**Task directions:** Omit the pictures and reproduce the rest of the listing exactly.

**Entries shown:**
━━━━━━━━━━━━━━━━━━━━
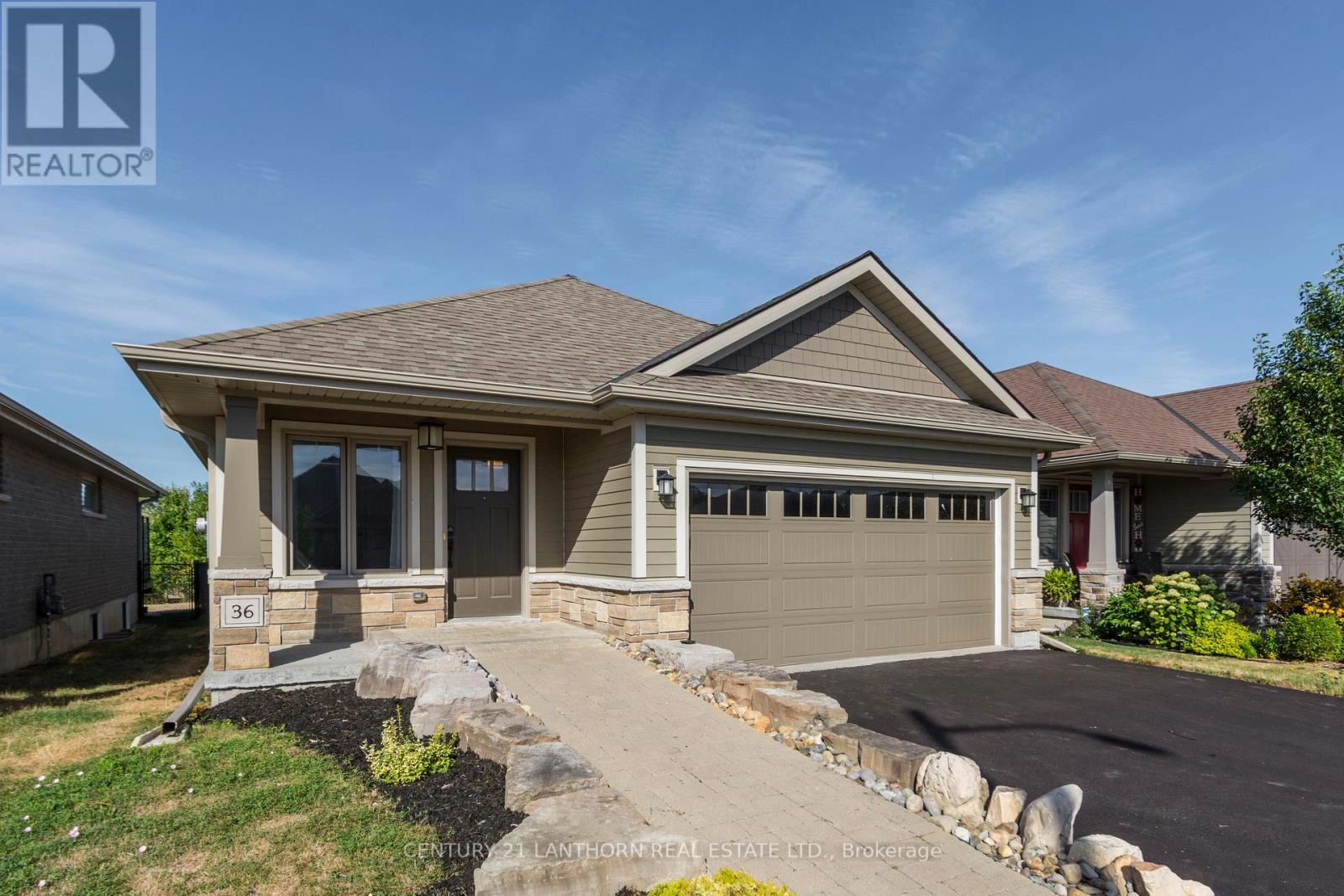 36 TESSA BOULEVARD, Belleville, Ontario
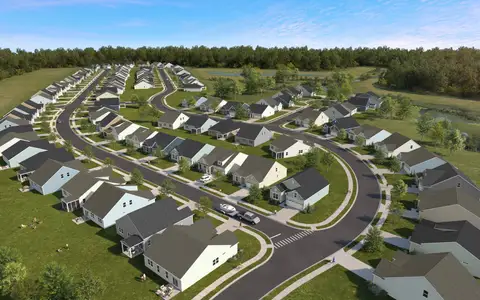 Trestle Ridge at Brunswick Forest by Stanley Martin Homes in Leland - image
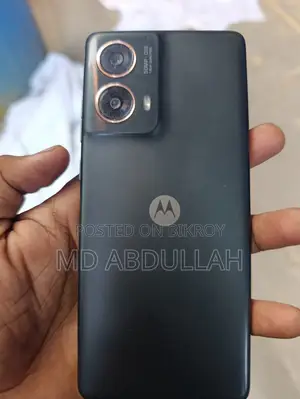 Motorola Moto G85 256 GB Black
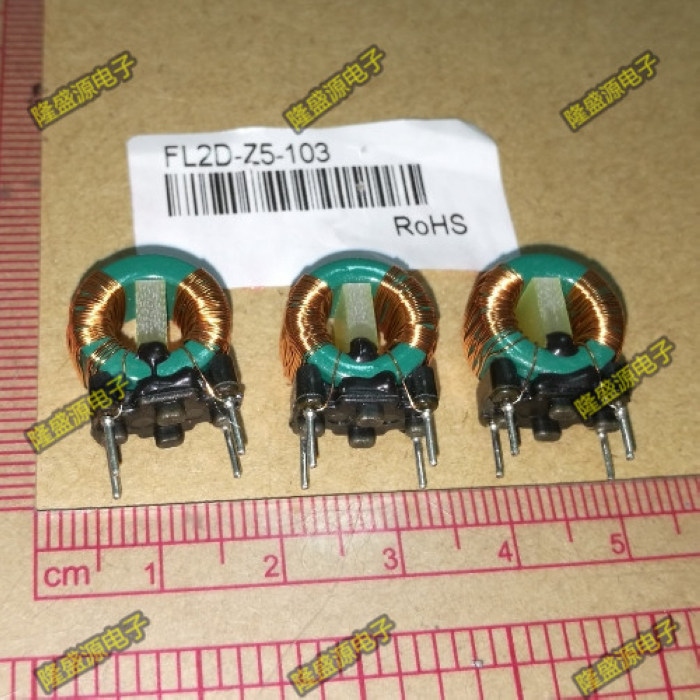 全新原装 模块 金升 EMC 共模滤波器 FL2D-Z5-103 FL2D-XX-XXX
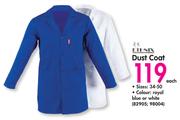 Dust Coat-Each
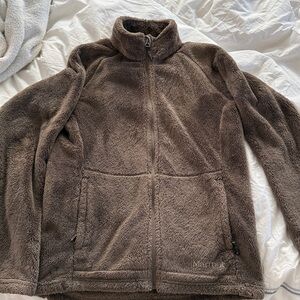 Marmot Chocolate Fleece Jacket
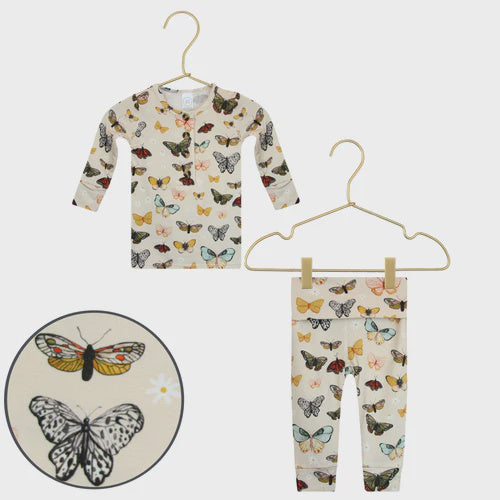 Girl's 2 Piece Set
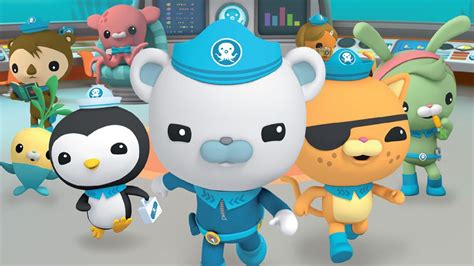 Octonauts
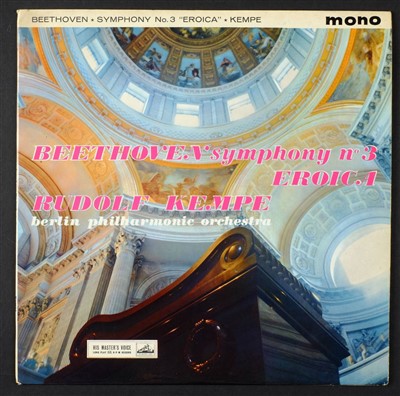 Lot 411 - Classical Records.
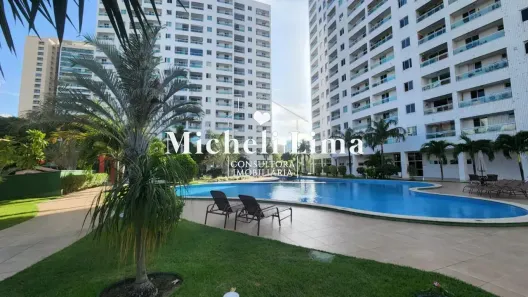 Apartamento com 3 Quartos à venda, 75m² no Guararapes, Fortaleza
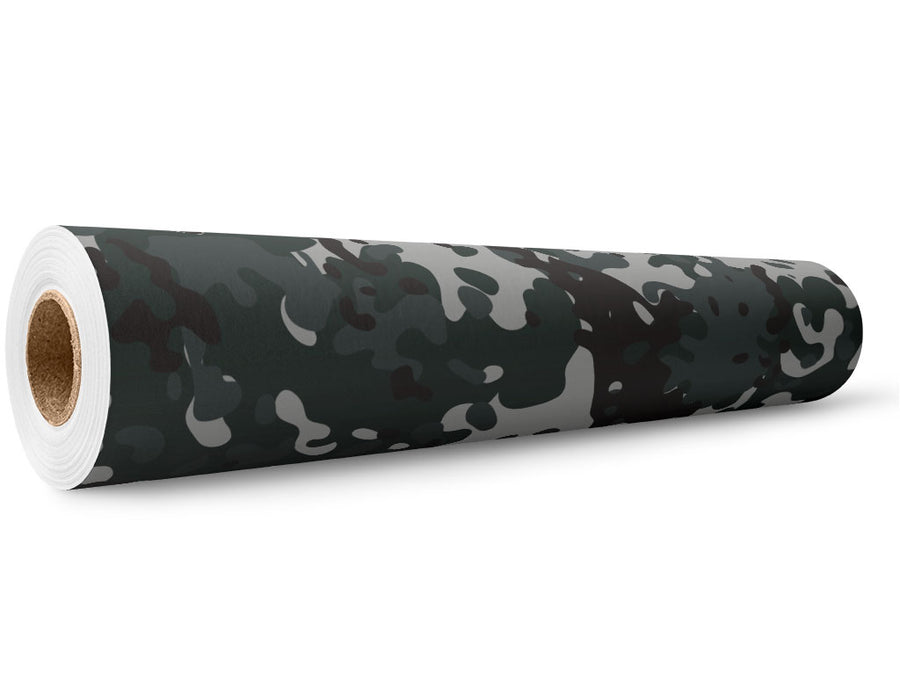 Pebble Flecktarn Camouflage Wrap Film Wholesale Roll~Rwraps Series 914 Digitally Printed Vinyl Roll~5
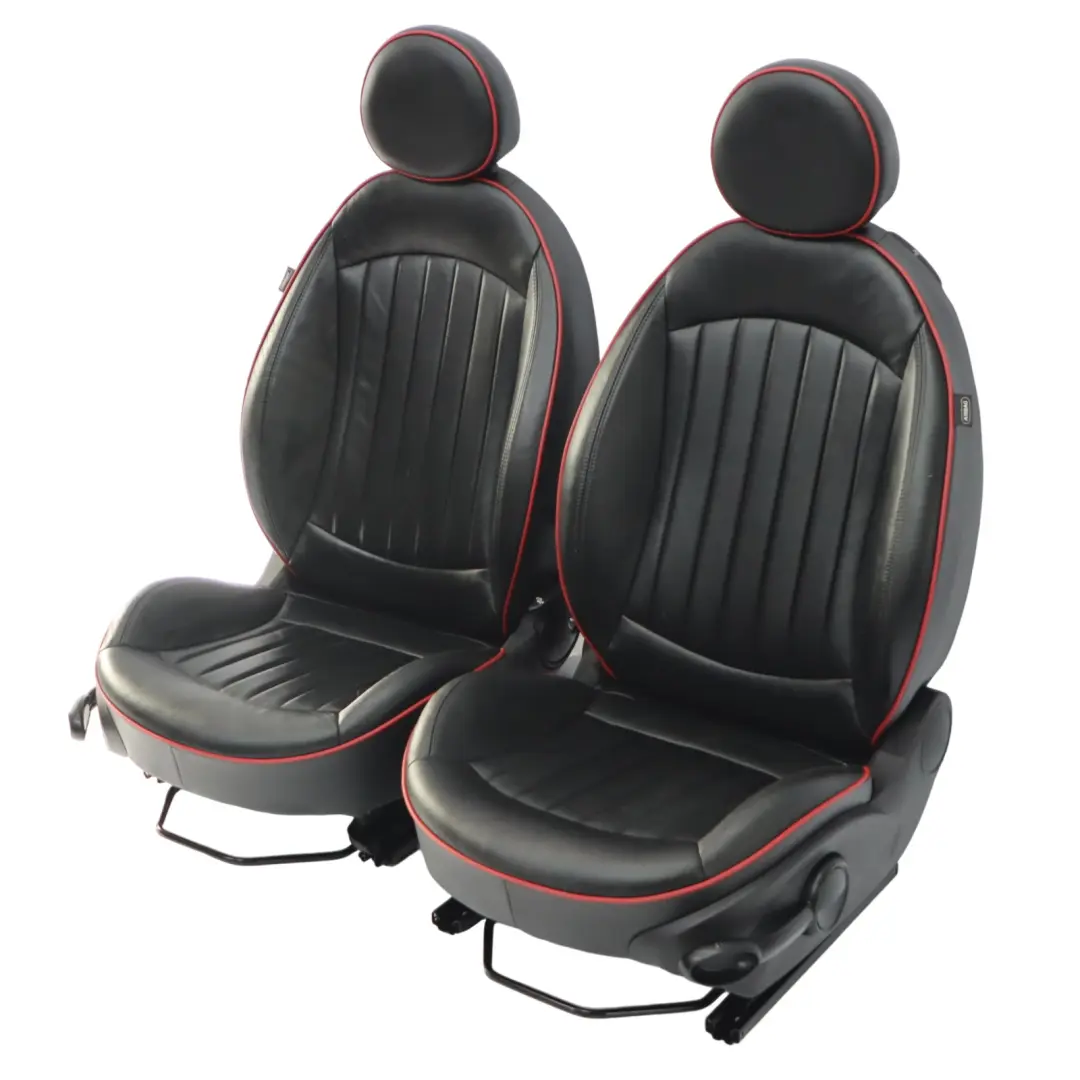 Campeonato Cuero Rojo Asientos Delanteros Asiento Trasero para Mini R56 JCW Sport GP2 con número de pieza R56 JCW Seats Sports Leather GP2 Mini R56 JCW Sport GP2 Campeonato Cuero Rojo Asientos Delanteros Asiento Trasero - SKU R56-JCW-SEATS-SPORTS-LEATHER-GP2 - Número de pieza R56 JCW Seats Sports Leather GP2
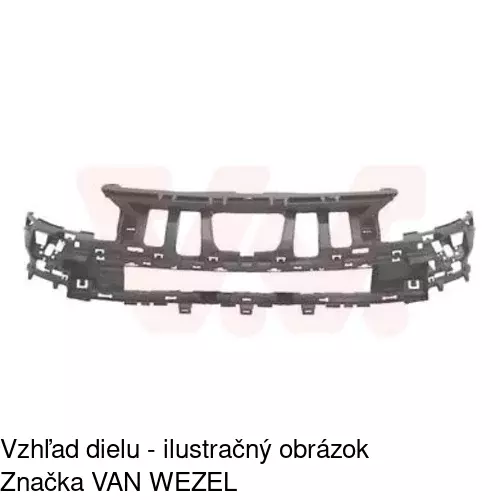 Maska 579205-8 /POLCAR/ - obr. 1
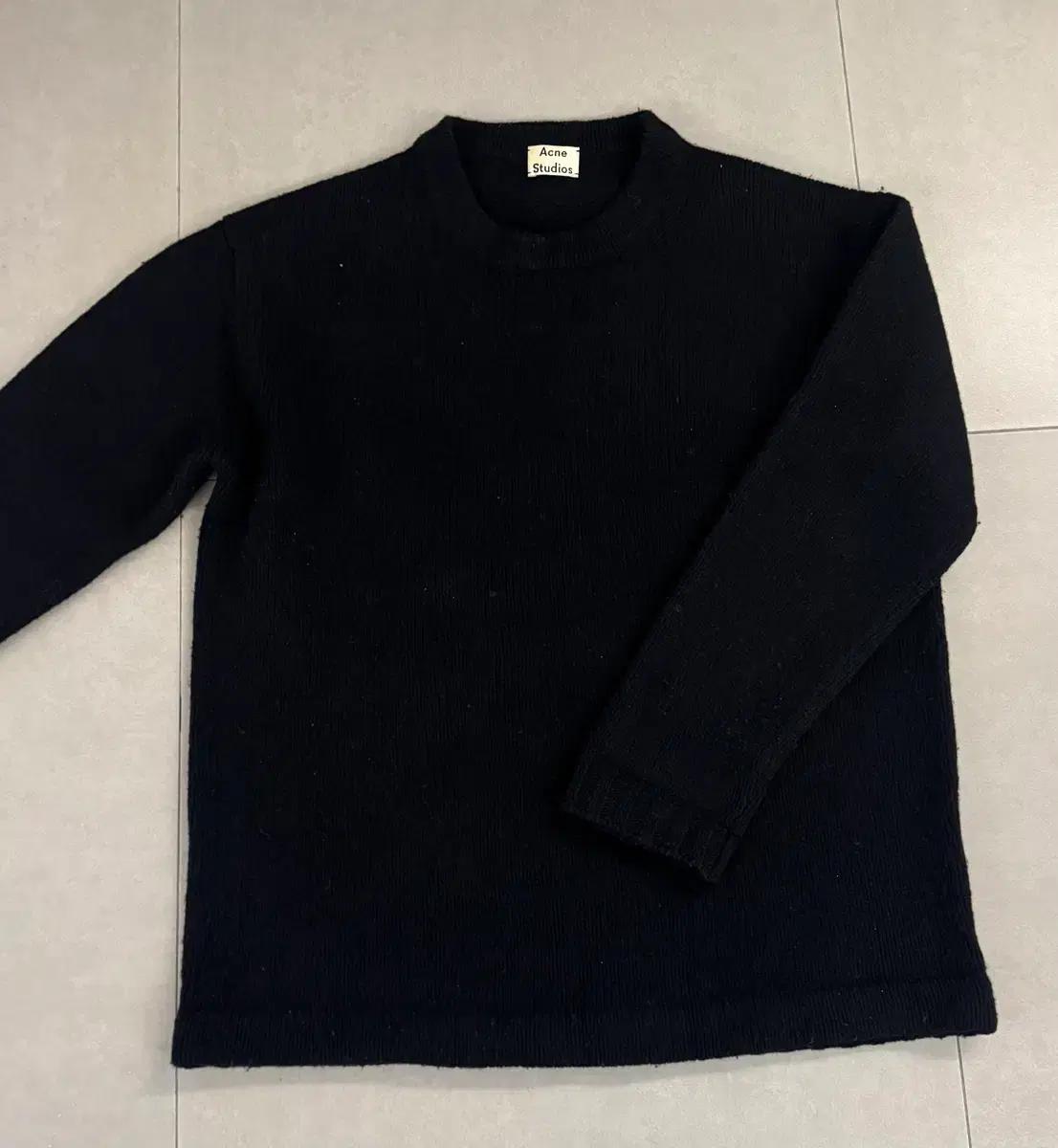 Acne Studios 100%울 니트 L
━━━━━━━━━━━━━━━━━━━━
**Output of the task:**
 36 TESSA BOULEVARD, Belleville, Ontario
 Trestle Ridge at Brunswick Forest by Stanley Martin Homes in Leland - image
 Motorola Moto G85 256 GB Black
 全新原装 模块 金升 EMC 共模滤波器 FL2D-Z5-103 FL2D-XX-XXX
 Dust Coat-Each
 Marmot Chocolate Fleece Jacket
 Girl's 2 Piece Set
 Octonauts
 Lot 411 - Classical Records.
 Apartamento com 3 Quartos à venda, 75m² no Guararapes, Fortaleza
 Pebble Flecktarn Camouflage Wrap Film Wholesale Roll~Rwraps Series 914 Digitally Printed Vinyl Roll~5
 Campeonato Cuero Rojo Asientos Delanteros Asiento Trasero para Mini R56 JCW Sport GP2 con número de pieza R56 JCW Seats Sports Leather GP2 Mini R56 JCW Sport GP2 Campeonato Cuero Rojo Asientos Delanteros Asiento Trasero - SKU R56-JCW-SEATS-SPORTS-LEATHER-GP2 - Número de pieza R56 JCW Seats Sports Leather GP2
 Maska 579205-8 /POLCAR/ - obr. 1
 Acne Studios 100%울 니트 L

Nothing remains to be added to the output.